I had taken a disappointing situation of change and made it into a fresh, new experience. Instead of harboring resentment, nagging my way into what I wanted and making life miserable for my husband and sons, I had given them the first gift of the season – the freedom to do what they wanted to do. In return, I received the freedom and inspiration to do something totally creative and new. I was thankful God had given me the grace to respond with love and freedom. He had once again opened my eyes to the truth that people are more important than things. My relationship with my husband and sons was much more valuable than a tradition.

When the game ended that day, the guys emerged from the den to say “Hello” and to see the tree. They gasped when they saw the untraditional, decidedly feminine ten-foot creation. They were shocked. The traditional tree had meant more to them than I thought.

There was not much conservation about the tree among the four of us that year, but every visitor to the house was amazed and took pictures. The next year the guys approached me about decorating the tree. We set up a mutually beneficial time to decorate. We returned to the traditional tree with all the memories, kindergarten ornaments and life-saver garland. There was once again Christmas music, hot chocolate in seasonal mugs and a family decorating the tree. The pink poinsettias and pearl garland were never to be seen again.

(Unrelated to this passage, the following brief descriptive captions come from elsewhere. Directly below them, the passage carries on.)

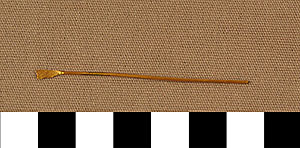 Thumbnail of Electrotype Facsimile of Broighter Boat: Oar (1916.06.0029AD)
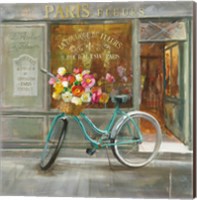 Framed French Flowershop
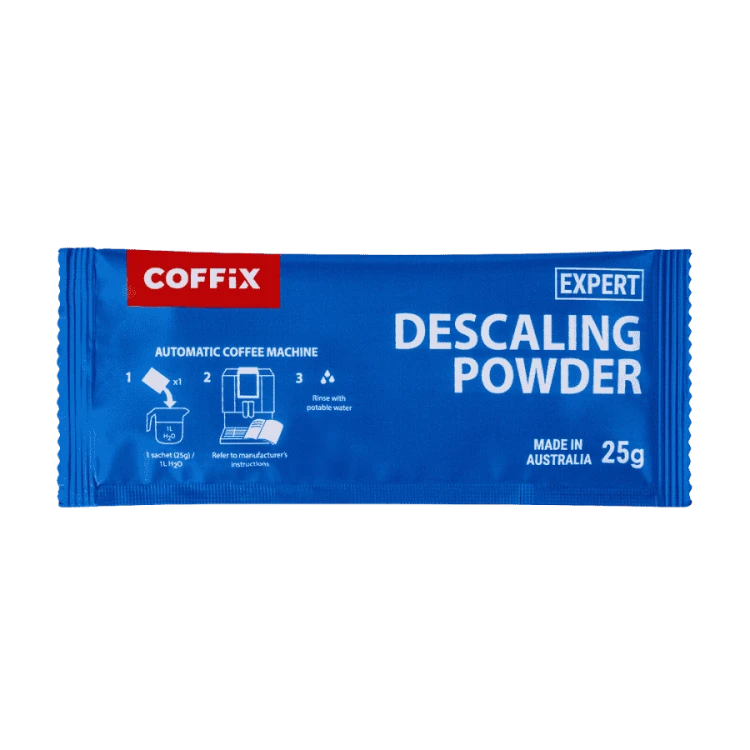Coffix Proszek odkamieniający EXPERT 6x25g | CoffeeLove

Romans 12:18 NKJV, says this, “If it is possible, as much as depends on you, live peaceably with all men.” The NLT makes it even clearer. “Do all that you can to live in peace with everyone.” We can choose to demand our way, or we can choose to walk in love this Christmas.

The peace that comes from walking in love far exceeds the joy of having it our way. Our way is temporal but peace with those we live, work, and play with is eternal. On December 26, the calendar will indicate that Christmas is over for this year but our relationship with family and friends continues. Make the love choice in your relationships and peace and joy will follow.